I'm very grateful to have instincts like these. No matter what anyone says or what I see, I am never swayed. It's so comforting to have that instinctive backing. To know what is right.
What doesn't come naturally to me, though, is huge and fills me with guilt. Every. Single. Day.
I don't know how to deal with the fighting, the mood swings, the episodes of rage. Instead of waiting for calm to creep back in, for them to find their centre, then talking about it sensibly, I get sucked in and swept along.
I've been reading how sibling conflict is an opportunity for communication. But I'm failing miserably. (Unless raising my voice counts as communication?)

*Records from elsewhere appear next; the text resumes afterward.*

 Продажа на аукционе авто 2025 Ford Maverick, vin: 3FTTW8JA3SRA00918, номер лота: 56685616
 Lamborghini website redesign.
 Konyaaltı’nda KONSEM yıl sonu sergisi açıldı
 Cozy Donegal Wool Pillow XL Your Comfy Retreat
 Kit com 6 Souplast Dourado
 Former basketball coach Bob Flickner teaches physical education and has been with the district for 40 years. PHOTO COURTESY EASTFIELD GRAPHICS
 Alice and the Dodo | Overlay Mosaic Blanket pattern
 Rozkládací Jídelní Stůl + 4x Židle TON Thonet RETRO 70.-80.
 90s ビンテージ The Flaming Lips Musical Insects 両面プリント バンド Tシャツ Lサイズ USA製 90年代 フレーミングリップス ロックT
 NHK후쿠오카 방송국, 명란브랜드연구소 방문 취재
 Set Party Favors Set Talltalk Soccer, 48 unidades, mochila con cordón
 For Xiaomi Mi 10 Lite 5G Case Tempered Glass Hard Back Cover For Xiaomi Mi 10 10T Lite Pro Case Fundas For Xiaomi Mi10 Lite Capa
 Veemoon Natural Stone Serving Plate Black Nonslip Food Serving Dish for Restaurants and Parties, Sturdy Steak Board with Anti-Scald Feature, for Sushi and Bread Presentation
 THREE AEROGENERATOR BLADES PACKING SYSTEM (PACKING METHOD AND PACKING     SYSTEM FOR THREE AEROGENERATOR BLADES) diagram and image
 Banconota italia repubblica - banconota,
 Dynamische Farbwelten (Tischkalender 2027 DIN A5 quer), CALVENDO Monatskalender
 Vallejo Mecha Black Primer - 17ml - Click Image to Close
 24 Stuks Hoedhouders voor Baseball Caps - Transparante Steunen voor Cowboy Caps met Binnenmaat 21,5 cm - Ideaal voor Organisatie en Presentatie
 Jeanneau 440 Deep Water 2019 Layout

If it was a four-year-old Kian clashing with Kian as he is now, I imagine I wouldn't get so caught up. Kian is more resilient and he moves on quite quickly. I imagine I might even let them sort it out for themselves. But it always feels so much deeper with Luca. Uncontrollable. Intense. The distress lingers and it affects everything. It's the highly sensitive thing that I still know very little about.
This morning, as I baked cheese and chive muffins to fill their lunch boxes, I realised that instead of feeling proud and grateful that it's easy for me to wake up and rustle up something delicious for their lunch, I felt niggled that I'm only really doing part of my job.
Filling their tummies and reading to them and loving them is only really part of the job. It's the easy part. It's easy to bake and cook from scratch (for me, anyway). It's easy to read. It's easy to cuddle and be close. Because it's calm and enjoyable. It's easy to parent when you've got calm and enjoyable.
It's hard when everyone is overwhelmed and angry, in a struggle. I wish I could better tune in and know exactly what their needs are and how to talk and nurture them back. That's the hard part and I wish it were more obvious.
I wish it were more obvious: tuning into my child and being able to connect and work out what they really need on an emotional level and being able to think 'you're acting this way because..., so all I need to do is this', and know in my heart of hearts that I'm doing a great job.
I know, as parents, we're human too, carrying all sorts of issues that still need resolving. I accept that, and I know nothing is ever perfect, but I'd like to feel – just once – like I can pat myself on the back.
I find myself wondering if it'll all turn out OK. In spite of all this stuff that isn't obvious to me.
What was obvious to me today, though, was I needed music and I needed to make banoffee pie. So I danced in the kitchen to Michael Bublé, and when the boys came home, we danced some more.... (before several moments like the kind I describe above).
And now, I have a bowl of buttery, biscuity, sticky and creamy. Where it's going to end up is very very obvious.*
Do you struggle with the emotional stuff too as a parent? Do you have one child you always worry about? Do you wish more of parenting was instinctive so that we didn't have to spend our spare time reading advice?**
* I'll post the banoffee recipe tomorrow.
** Speaking of which, I have a copy of Simplicity Parenting here from the library thanks to a mention from Greer. But it's been sitting on the coffee table for a week. Next to Tessa Kiros' Apples for Jam. Guess which one seems to fall into my lap first.